> **AIM OF THE TASK**
Pictures must not appear in the copy. Restate exactly the lines below from the one with "marijuana drugs cannabis" through the one with "Race horse head", inclusive.

> **EXTRACTED DATA**
==========

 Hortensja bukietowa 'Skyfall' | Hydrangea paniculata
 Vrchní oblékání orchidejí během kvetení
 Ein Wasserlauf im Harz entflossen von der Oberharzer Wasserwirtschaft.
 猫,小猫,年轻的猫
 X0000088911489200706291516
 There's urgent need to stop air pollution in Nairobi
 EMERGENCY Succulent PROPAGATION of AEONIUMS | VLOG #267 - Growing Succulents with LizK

==========

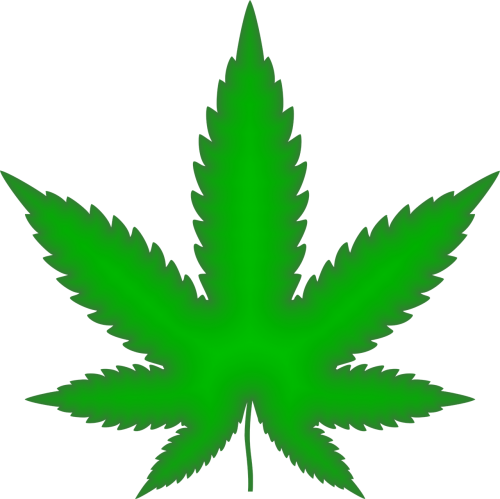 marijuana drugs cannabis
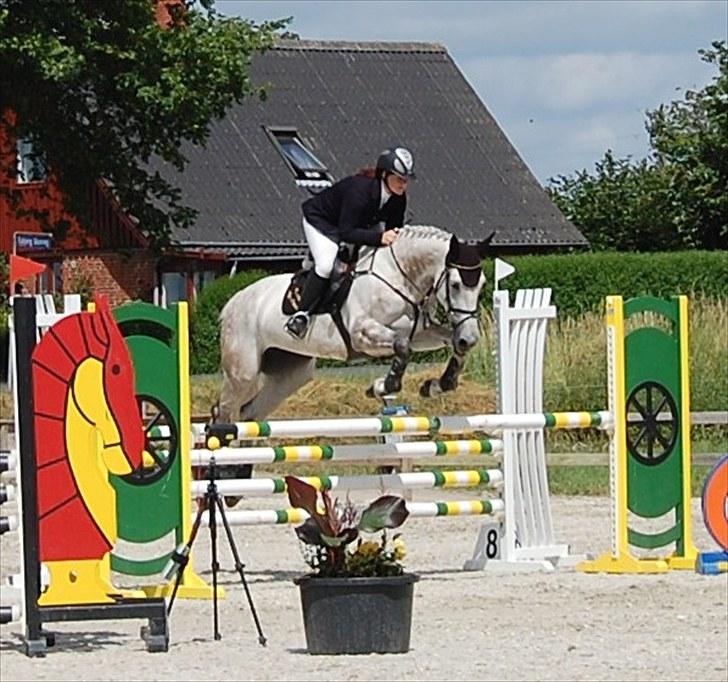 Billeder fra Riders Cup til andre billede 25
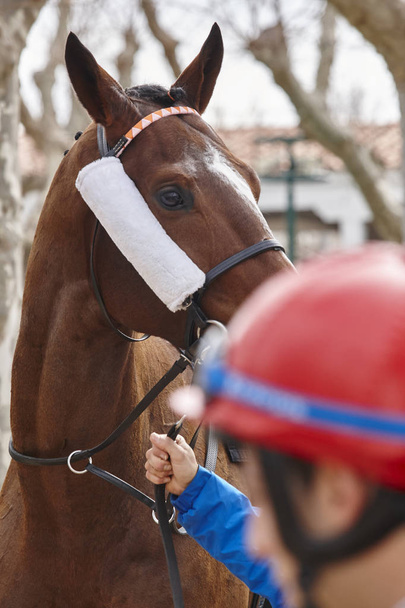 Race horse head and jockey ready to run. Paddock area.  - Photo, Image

==========

> **EXPECTED ANSWER**
 marijuana drugs cannabis
 Billeder fra Riders Cup til andre billede 25
 Race horse head and jockey ready to run. Paddock area.  - Photo, Image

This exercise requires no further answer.